# Battery won't charge



## carlcox2 (Sep 16, 2010)

Ok, so my daughter bought a 2006 FEMA trailer recently. I believe it's a Fleetwood Pioneer. The lights kept going dim and then the A/C would not come on. I found that the battery was out of juice, so I swapped it out with the one from my camper (we stay next to each other). A few days later, same thing happened. So I know the battery is not being charged. I checked the fuses and they are all good, so I don't know what the problem is. I also don't understand why my 12v lights still work when I unhook my battery to swap it with hers, but her lights go out with her battery unhooked. From what I have read here, it may be the converter, but I'm not sure. Is there a way to test it? Can I use solar power just on the battery to keep it charged? Thanks for any help you can provide.


----------



## cody beach (Sep 16, 2010)

ooooooohh
maybe you must change one


----------



## happiestcamper (Mar 6, 2008)

The converter isn't providing 12 volts - that's why her lights won't stay on when you disconnect the battery, and why the battery isn't charging.


----------



## frank-id (Dec 20, 2010)

*Batteries are hard to kill*

First look for any fuses or circuit breakers. The converter should be located near. Find the converter and notice if unit is plugged into a wall plug. Get a volt meter and check battery voltage. Allow battery to become more charged, and check battery voltage. Check the fuses. Frank


----------



## KSG5000 (Dec 17, 2010)

My 02.

Not all converters are the same.

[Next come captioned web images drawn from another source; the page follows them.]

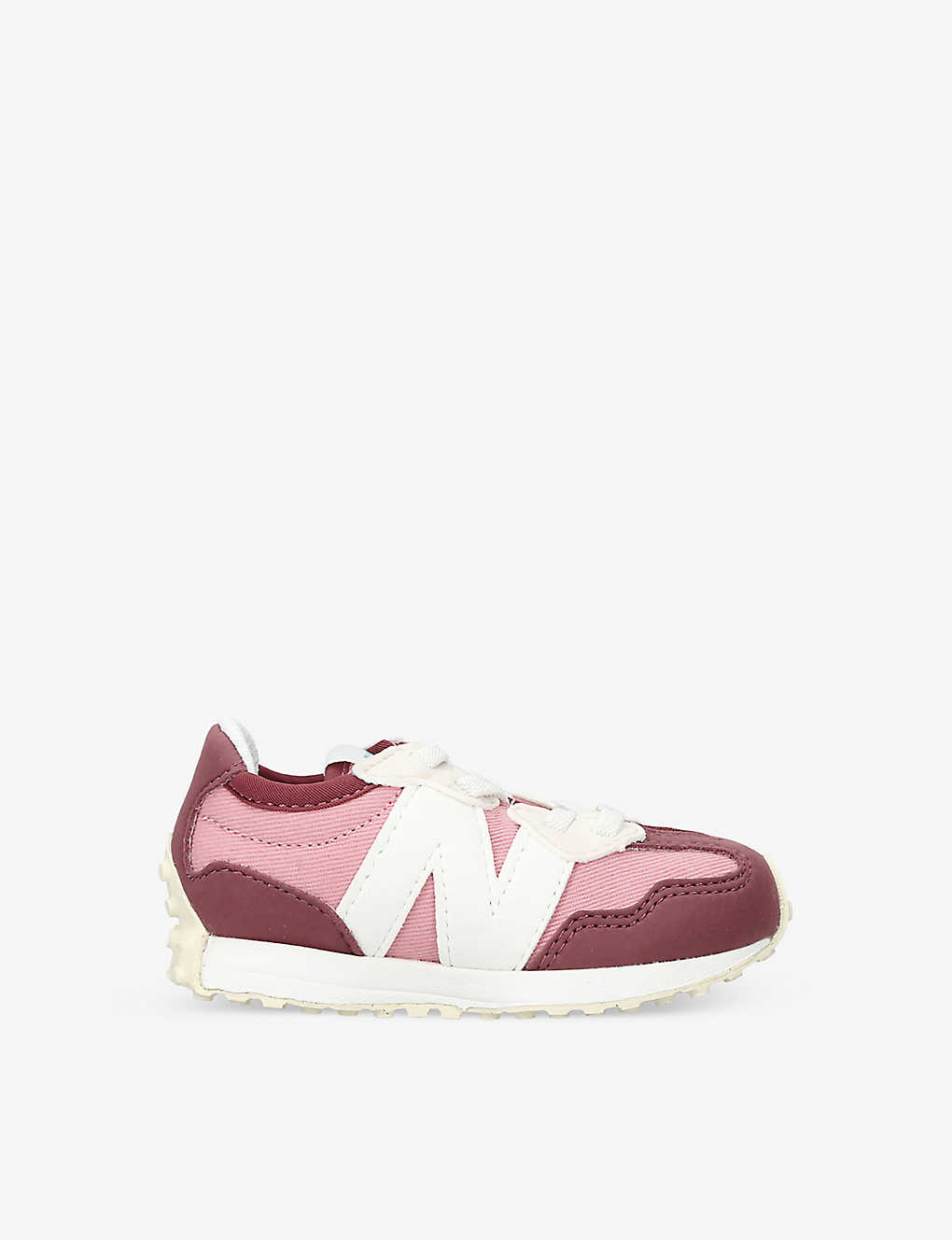 New Balance Girls Pink Kids 327 Brand-patch Suede And Mesh Mid-top Trainers 1-6 Years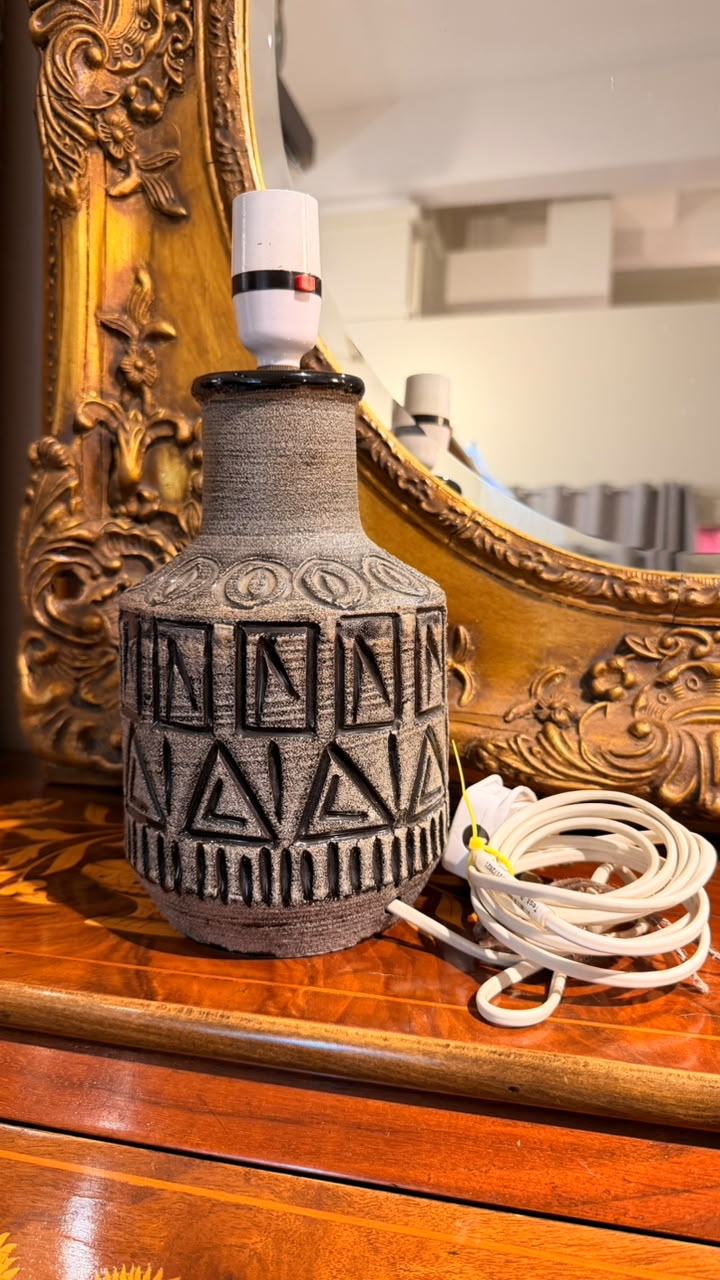 Vintage Mid-Century Sculptural Textured Ceramic Table Lamp with Geometric Relief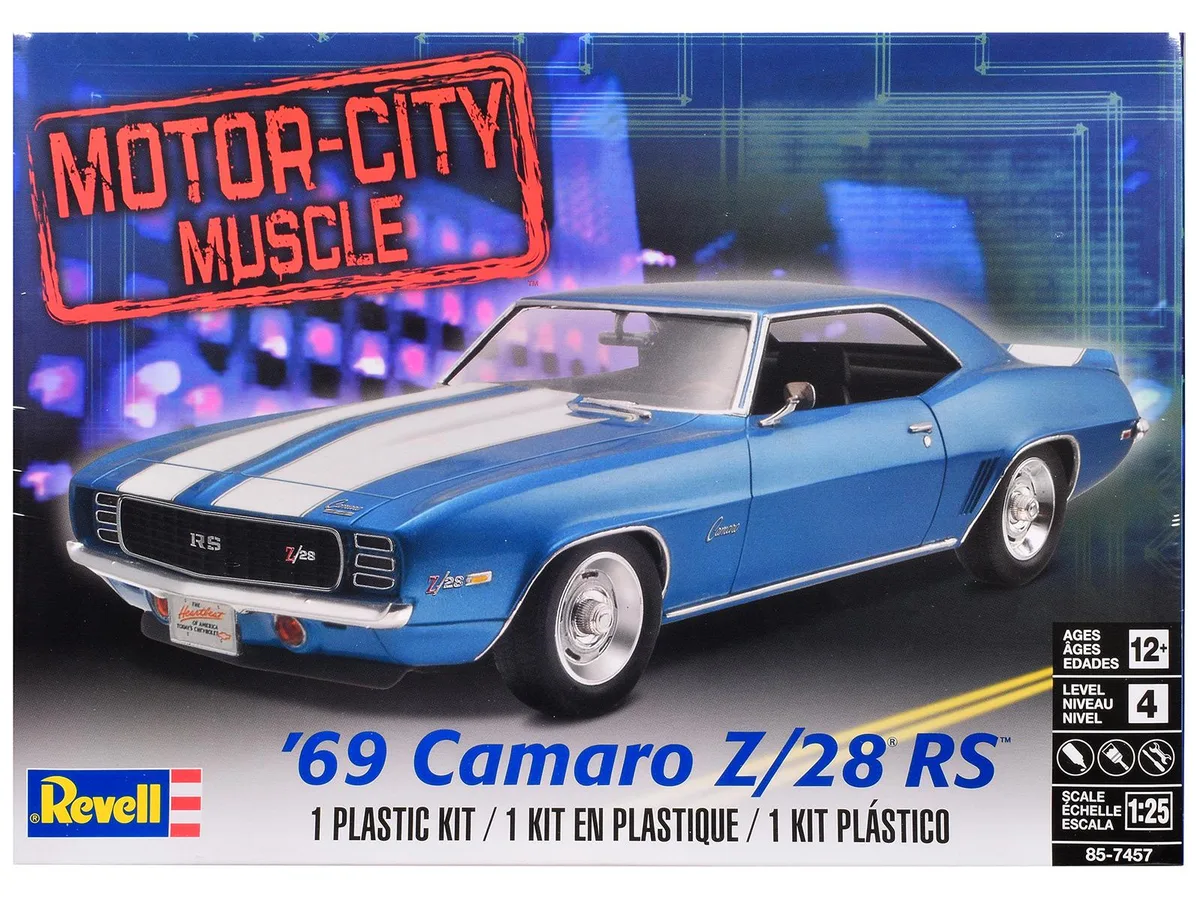 Revell Revell 1969 Chevrolet Camaro Z/28 RS "Motor-City Muscle" 1/25 Scale Model Kit — product photo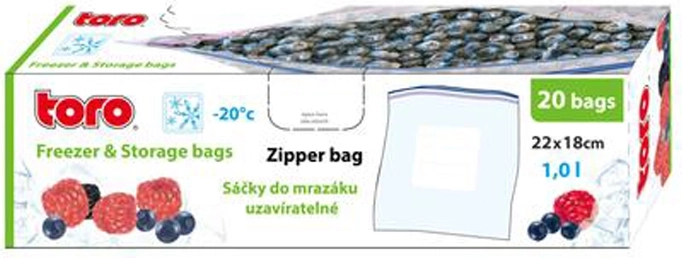 TORO visszazárható fagyasztózacskók 1 l, 20 db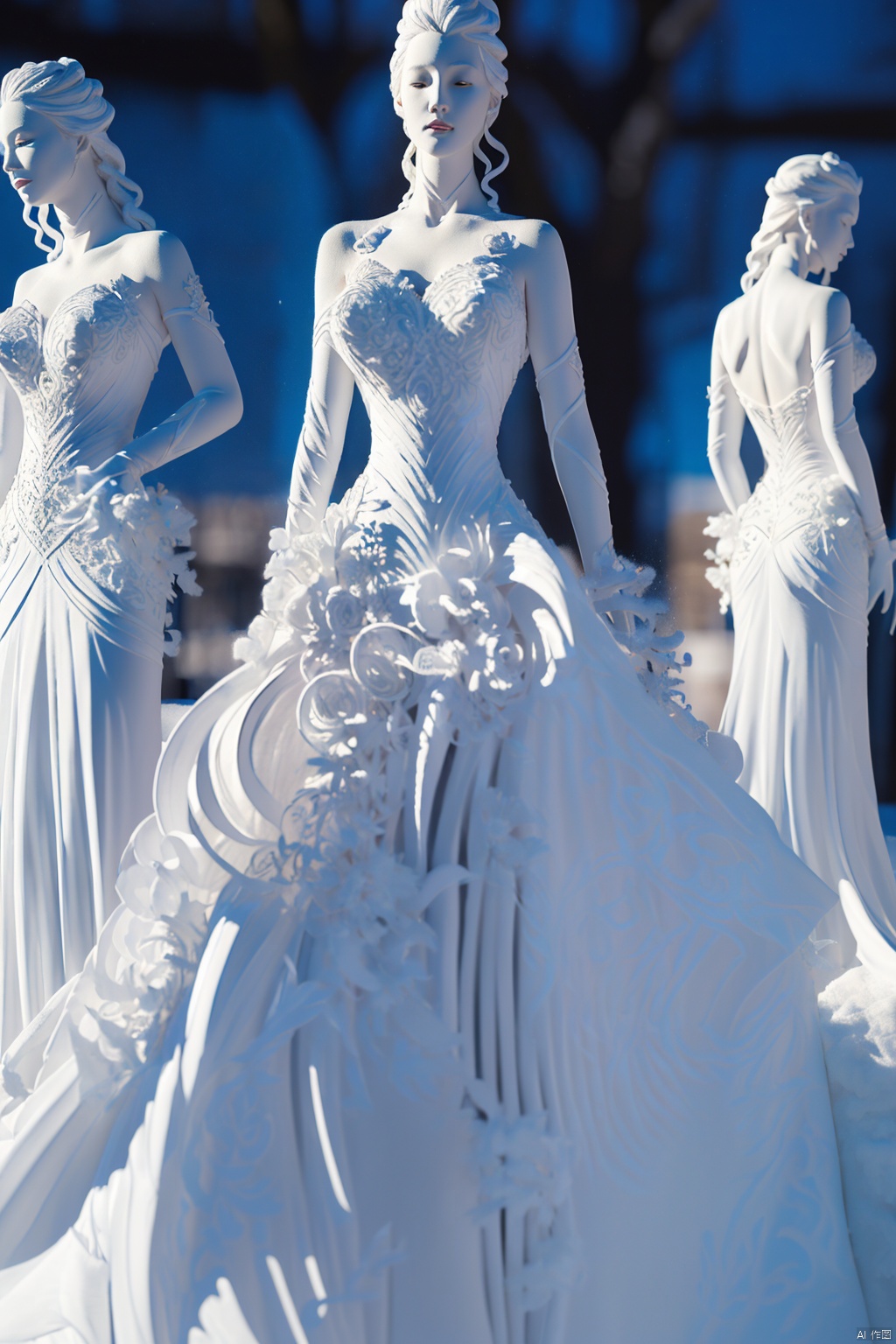 there a white statue of a woman in a dress in the snow, an ambient occlusion render inspired by Igor Kufayev, zbrush central contest winner, fantasy art, intricate gown, intricate fantasy dress, intricate dress, goddess of winter, an intricate dress, goddess. extremely high detail, queen of winter, fantasy long intricate gown, intricate detailed dress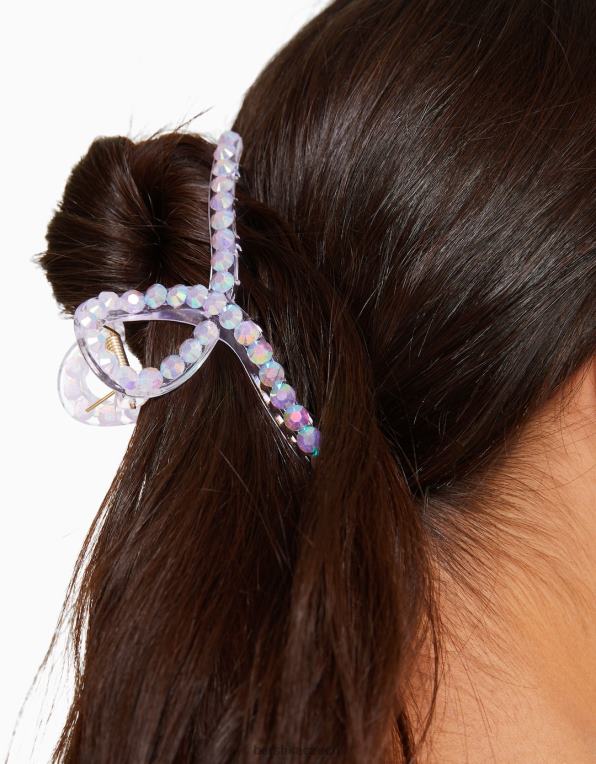 ženy Bershka průhledná spona do vlasů P88442568 Příslušenství fialový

Some need to have a battery attached to work - some don't. 

As far as testing the converter - test the output of the converter - if nothing then check the converter for a blown fuse (probably attached to the converter itself) - if the fuse is intact she might need a new converter - if so make sure you get a "smart" converter like a progressive dynamic - not expensive and easy to install.

Hope this helps.


----------